(INFORMATION SUPPLIED begins)

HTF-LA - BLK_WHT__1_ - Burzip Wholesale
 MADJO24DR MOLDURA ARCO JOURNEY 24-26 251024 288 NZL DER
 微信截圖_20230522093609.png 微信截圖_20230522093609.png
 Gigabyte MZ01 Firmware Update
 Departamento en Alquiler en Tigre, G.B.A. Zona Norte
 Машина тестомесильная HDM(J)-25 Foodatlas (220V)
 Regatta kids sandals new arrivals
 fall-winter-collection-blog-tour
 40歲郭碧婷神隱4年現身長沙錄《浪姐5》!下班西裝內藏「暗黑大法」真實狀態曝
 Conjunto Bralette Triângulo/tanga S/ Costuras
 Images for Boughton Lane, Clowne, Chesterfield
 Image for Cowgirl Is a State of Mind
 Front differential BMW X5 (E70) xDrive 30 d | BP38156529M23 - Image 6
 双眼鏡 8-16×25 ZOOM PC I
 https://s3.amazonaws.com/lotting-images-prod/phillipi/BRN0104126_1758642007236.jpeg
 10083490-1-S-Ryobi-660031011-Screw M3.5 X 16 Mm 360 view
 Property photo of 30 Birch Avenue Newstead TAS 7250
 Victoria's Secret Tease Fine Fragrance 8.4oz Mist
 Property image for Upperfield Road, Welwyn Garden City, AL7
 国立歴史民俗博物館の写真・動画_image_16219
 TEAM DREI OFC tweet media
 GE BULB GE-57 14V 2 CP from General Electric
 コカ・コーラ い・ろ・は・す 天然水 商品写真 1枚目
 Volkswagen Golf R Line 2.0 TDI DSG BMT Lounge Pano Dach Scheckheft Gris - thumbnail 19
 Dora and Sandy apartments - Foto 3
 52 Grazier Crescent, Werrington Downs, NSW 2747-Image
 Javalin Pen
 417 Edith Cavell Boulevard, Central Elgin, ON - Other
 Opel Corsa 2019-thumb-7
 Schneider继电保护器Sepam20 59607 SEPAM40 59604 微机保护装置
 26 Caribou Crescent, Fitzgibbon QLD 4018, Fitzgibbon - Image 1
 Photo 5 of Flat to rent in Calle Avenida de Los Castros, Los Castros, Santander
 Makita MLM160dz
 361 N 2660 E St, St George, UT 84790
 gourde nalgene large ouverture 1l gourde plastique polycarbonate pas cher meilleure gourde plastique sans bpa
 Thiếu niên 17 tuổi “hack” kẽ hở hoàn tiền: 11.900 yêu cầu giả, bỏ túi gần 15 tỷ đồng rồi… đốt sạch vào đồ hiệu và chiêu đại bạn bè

(INFORMATION SUPPLIED ends)

TASK → The required output is the lines from the one holding "MADJO24DR MOLDURA ARCO" through the last line of the entries above, copied exactly.

TASK ANSWER →
 MADJO24DR MOLDURA ARCO JOURNEY 24-26 251024 288 NZL DER
 微信截圖_20230522093609.png 微信截圖_20230522093609.png
 Gigabyte MZ01 Firmware Update
 Departamento en Alquiler en Tigre, G.B.A. Zona Norte
 Машина тестомесильная HDM(J)-25 Foodatlas (220V)
 Regatta kids sandals new arrivals
 fall-winter-collection-blog-tour
 40歲郭碧婷神隱4年現身長沙錄《浪姐5》!下班西裝內藏「暗黑大法」真實狀態曝
 Conjunto Bralette Triângulo/tanga S/ Costuras
 Images for Boughton Lane, Clowne, Chesterfield
 Image for Cowgirl Is a State of Mind
 Front differential BMW X5 (E70) xDrive 30 d | BP38156529M23 - Image 6
 双眼鏡 8-16×25 ZOOM PC I
 https://s3.amazonaws.com/lotting-images-prod/phillipi/BRN0104126_1758642007236.jpeg
 10083490-1-S-Ryobi-660031011-Screw M3.5 X 16 Mm 360 view
 Property photo of 30 Birch Avenue Newstead TAS 7250
 Victoria's Secret Tease Fine Fragrance 8.4oz Mist
 Property image for Upperfield Road, Welwyn Garden City, AL7
 国立歴史民俗博物館の写真・動画_image_16219
 TEAM DREI OFC tweet media
 GE BULB GE-57 14V 2 CP from General Electric
 コカ・コーラ い・ろ・は・す 天然水 商品写真 1枚目
 Volkswagen Golf R Line 2.0 TDI DSG BMT Lounge Pano Dach Scheckheft Gris - thumbnail 19
 Dora and Sandy apartments - Foto 3
 52 Grazier Crescent, Werrington Downs, NSW 2747-Image
 Javalin Pen
 417 Edith Cavell Boulevard, Central Elgin, ON - Other
 Opel Corsa 2019-thumb-7
 Schneider继电保护器Sepam20 59607 SEPAM40 59604 微机保护装置
 26 Caribou Crescent, Fitzgibbon QLD 4018, Fitzgibbon - Image 1
 Photo 5 of Flat to rent in Calle Avenida de Los Castros, Los Castros, Santander
 Makita MLM160dz
 361 N 2660 E St, St George, UT 84790
 gourde nalgene large ouverture 1l gourde plastique polycarbonate pas cher meilleure gourde plastique sans bpa
 Thiếu niên 17 tuổi “hack” kẽ hở hoàn tiền: 11.900 yêu cầu giả, bỏ túi gần 15 tỷ đồng rồi… đốt sạch vào đồ hiệu và chiêu đại bạn bè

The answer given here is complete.